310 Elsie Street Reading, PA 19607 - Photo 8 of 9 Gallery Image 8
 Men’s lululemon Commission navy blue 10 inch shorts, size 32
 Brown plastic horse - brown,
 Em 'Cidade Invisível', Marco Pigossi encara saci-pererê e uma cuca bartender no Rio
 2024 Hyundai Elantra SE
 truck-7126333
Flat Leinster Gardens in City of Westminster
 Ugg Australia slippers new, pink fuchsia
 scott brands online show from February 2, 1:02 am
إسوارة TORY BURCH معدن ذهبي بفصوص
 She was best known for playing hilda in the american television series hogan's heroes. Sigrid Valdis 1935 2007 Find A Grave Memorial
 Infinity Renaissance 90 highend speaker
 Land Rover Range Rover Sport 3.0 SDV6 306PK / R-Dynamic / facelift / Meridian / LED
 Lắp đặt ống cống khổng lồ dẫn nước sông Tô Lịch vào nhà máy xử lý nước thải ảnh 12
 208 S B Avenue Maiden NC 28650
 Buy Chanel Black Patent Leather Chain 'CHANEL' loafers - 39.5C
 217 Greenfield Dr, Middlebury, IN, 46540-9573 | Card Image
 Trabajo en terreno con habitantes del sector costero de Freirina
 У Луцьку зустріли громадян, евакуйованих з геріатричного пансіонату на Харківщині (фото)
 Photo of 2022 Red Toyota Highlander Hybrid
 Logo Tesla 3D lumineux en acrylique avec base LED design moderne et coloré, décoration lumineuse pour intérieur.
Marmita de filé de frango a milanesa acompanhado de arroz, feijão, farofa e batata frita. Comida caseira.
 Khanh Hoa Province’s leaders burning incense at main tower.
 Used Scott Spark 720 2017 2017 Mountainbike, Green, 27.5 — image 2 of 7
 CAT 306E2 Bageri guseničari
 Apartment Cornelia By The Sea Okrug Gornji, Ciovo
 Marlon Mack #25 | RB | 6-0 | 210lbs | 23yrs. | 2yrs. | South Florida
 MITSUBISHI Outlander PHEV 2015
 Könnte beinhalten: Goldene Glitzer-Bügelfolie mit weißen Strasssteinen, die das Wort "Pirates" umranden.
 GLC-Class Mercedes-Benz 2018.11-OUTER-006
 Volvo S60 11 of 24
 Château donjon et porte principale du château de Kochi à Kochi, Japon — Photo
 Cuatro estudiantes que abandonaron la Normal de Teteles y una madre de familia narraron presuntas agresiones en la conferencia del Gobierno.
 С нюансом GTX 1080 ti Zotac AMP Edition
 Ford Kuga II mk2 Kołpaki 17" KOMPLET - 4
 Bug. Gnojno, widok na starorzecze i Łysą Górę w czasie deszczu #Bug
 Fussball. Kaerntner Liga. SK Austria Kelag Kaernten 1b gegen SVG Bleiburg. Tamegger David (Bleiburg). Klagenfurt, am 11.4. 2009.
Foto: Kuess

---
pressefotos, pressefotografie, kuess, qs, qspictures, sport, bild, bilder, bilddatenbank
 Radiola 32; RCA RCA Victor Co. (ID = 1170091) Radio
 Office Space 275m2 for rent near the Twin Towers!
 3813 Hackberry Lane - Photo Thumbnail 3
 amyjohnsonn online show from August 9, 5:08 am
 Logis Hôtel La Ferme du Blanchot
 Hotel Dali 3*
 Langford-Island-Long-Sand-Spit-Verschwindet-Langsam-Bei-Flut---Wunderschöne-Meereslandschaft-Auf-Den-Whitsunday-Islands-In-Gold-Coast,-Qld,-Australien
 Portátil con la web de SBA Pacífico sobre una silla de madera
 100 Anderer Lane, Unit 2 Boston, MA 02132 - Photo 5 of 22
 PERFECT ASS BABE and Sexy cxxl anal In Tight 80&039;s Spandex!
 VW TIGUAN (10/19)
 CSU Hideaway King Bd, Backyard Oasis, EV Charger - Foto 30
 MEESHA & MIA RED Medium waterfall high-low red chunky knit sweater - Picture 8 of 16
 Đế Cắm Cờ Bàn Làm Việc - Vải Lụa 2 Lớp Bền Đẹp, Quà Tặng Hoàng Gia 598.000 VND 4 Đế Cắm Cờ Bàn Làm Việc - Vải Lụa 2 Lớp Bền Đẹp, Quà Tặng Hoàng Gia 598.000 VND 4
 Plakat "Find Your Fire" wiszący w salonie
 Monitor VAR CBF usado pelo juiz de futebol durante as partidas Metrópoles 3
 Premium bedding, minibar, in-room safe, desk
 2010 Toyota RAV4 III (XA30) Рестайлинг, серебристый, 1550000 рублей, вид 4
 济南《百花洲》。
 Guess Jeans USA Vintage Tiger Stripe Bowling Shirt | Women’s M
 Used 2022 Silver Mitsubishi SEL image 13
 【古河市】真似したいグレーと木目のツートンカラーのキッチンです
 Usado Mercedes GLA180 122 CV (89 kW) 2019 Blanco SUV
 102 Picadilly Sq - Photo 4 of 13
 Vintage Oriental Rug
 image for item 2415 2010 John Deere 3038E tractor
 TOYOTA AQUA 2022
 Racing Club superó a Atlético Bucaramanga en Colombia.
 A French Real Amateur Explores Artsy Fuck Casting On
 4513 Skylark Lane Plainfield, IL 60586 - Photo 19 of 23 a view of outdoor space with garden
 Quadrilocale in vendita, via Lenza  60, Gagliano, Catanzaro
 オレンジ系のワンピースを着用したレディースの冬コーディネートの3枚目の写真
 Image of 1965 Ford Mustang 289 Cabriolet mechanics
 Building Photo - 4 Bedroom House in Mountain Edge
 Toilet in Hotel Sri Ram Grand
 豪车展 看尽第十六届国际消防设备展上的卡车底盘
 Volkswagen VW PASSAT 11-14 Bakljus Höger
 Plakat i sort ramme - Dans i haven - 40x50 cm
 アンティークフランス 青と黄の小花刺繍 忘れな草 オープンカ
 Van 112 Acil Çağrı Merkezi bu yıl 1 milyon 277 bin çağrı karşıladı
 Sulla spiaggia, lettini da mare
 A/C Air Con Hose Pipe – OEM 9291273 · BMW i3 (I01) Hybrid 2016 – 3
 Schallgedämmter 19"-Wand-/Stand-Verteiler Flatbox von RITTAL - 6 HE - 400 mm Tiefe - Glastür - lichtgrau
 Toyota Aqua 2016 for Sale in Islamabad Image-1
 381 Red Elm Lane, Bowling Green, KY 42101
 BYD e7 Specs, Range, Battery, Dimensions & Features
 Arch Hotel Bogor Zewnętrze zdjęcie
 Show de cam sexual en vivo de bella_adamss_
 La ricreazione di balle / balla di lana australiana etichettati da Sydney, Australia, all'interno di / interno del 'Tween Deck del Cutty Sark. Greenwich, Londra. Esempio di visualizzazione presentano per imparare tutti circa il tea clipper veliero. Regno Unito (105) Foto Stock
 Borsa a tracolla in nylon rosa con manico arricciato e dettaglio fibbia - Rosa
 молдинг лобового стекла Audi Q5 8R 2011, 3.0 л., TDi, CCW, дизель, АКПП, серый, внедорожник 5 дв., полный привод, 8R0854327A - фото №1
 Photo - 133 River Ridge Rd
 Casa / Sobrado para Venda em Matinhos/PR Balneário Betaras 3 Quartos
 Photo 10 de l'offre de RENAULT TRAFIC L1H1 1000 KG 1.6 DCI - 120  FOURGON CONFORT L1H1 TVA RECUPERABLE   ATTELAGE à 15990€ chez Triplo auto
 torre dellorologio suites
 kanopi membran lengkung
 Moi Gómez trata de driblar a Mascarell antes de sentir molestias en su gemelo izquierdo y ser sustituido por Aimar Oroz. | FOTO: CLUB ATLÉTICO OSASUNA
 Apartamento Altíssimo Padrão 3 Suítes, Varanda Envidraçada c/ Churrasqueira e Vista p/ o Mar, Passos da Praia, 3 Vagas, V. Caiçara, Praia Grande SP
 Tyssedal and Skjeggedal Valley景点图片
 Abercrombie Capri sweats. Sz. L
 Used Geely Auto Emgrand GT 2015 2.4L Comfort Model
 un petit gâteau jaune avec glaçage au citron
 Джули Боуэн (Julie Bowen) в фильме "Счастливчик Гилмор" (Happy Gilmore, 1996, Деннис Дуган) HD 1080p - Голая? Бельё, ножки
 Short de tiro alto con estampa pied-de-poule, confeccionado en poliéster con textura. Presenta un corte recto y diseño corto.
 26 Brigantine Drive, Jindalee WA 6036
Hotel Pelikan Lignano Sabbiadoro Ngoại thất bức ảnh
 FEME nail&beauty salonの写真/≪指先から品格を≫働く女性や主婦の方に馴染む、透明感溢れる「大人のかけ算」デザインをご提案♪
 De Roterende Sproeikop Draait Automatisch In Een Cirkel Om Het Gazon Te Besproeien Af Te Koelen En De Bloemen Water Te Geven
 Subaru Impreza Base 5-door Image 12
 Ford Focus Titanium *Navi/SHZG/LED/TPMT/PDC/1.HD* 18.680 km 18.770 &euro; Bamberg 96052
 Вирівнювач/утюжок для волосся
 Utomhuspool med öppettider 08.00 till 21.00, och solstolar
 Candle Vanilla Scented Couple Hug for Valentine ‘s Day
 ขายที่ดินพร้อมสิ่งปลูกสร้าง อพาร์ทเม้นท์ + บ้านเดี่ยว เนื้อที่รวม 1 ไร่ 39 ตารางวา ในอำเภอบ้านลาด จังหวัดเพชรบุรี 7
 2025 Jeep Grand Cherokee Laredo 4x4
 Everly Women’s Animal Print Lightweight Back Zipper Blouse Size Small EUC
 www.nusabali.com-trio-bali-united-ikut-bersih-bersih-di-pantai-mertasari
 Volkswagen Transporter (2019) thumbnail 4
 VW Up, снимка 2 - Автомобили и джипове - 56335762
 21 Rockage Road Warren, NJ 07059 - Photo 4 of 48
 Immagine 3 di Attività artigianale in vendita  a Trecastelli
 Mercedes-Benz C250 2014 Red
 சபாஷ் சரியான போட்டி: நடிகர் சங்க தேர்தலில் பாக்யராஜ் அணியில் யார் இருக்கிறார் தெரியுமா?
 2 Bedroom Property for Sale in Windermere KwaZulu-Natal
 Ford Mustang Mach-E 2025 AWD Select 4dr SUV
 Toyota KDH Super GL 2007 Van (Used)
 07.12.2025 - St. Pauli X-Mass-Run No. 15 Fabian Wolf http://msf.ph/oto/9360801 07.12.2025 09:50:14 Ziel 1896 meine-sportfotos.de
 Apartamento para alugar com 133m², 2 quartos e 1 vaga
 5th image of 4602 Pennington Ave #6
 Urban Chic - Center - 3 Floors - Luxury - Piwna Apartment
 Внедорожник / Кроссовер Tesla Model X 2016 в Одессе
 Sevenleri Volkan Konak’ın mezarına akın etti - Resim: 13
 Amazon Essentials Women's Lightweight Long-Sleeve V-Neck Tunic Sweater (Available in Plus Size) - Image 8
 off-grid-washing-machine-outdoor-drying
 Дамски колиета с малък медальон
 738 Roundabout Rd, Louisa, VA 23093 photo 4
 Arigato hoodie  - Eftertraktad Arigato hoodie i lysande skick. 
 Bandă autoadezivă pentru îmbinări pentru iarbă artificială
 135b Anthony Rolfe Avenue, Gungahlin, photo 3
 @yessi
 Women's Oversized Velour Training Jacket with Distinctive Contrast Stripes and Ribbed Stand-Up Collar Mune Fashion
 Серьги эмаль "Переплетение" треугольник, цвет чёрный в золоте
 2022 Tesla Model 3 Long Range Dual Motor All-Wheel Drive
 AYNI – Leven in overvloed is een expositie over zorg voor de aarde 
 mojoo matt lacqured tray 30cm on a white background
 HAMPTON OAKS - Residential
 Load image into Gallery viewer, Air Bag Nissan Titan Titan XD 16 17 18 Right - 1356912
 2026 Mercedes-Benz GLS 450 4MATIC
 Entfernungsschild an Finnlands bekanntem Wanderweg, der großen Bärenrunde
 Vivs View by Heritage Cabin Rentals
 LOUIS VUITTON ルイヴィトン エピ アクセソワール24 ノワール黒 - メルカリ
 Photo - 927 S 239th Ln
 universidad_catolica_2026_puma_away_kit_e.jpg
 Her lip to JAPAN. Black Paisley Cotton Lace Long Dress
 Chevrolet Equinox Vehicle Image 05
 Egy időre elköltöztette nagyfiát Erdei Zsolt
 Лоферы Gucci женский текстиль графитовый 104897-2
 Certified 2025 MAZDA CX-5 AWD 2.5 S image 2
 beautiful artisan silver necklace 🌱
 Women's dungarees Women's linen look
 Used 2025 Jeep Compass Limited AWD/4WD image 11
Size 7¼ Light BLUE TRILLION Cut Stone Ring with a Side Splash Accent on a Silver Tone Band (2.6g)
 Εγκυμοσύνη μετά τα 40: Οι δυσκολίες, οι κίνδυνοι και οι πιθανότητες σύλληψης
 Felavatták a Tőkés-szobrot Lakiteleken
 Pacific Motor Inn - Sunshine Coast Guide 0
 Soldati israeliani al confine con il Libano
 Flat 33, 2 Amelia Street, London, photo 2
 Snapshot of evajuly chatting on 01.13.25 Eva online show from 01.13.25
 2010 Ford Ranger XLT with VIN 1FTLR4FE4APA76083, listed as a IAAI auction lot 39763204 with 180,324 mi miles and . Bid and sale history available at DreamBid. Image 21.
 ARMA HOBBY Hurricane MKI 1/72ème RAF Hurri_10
------------------------------
YOUR INSTRUCTIONS> From the line containing "Women's dungarees Women's linen look" down to the last line of the data, transcribe every line exactly; nothing else should appear.

SOLUTION>
 Women's dungarees Women's linen look
 Used 2025 Jeep Compass Limited AWD/4WD image 11
Size 7¼ Light BLUE TRILLION Cut Stone Ring with a Side Splash Accent on a Silver Tone Band (2.6g)
 Εγκυμοσύνη μετά τα 40: Οι δυσκολίες, οι κίνδυνοι και οι πιθανότητες σύλληψης
 Felavatták a Tőkés-szobrot Lakiteleken
 Pacific Motor Inn - Sunshine Coast Guide 0
 Soldati israeliani al confine con il Libano
 Flat 33, 2 Amelia Street, London, photo 2
 Snapshot of evajuly chatting on 01.13.25 Eva online show from 01.13.25
 2010 Ford Ranger XLT with VIN 1FTLR4FE4APA76083, listed as a IAAI auction lot 39763204 with 180,324 mi miles and . Bid and sale history available at DreamBid. Image 21.
 ARMA HOBBY Hurricane MKI 1/72ème RAF Hurri_10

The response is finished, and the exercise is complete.